* [Goal of the exercise]: The lines to reproduce run from the one containing "appartamento in vendita" to the end of the listing. Reproduce them exactly, both ends included, and nothing else.

>>>>>

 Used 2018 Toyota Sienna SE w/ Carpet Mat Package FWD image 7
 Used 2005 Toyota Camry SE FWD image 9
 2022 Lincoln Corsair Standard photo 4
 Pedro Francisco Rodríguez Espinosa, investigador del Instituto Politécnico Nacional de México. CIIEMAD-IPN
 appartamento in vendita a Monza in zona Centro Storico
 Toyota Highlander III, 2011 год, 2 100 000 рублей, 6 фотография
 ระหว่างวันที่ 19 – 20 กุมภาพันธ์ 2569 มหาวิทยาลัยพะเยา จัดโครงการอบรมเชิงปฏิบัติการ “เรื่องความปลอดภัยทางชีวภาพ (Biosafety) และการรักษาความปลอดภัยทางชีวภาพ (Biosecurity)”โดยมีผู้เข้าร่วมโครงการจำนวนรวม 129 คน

<<<<<

* [Answer for the task]:
 appartamento in vendita a Monza in zona Centro Storico
 Toyota Highlander III, 2011 год, 2 100 000 рублей, 6 фотография
 ระหว่างวันที่ 19 – 20 กุมภาพันธ์ 2569 มหาวิทยาลัยพะเยา จัดโครงการอบรมเชิงปฏิบัติการ “เรื่องความปลอดภัยทางชีวภาพ (Biosafety) และการรักษาความปลอดภัยทางชีวภาพ (Biosecurity)”โดยมีผู้เข้าร่วมโครงการจำนวนรวม 129 คน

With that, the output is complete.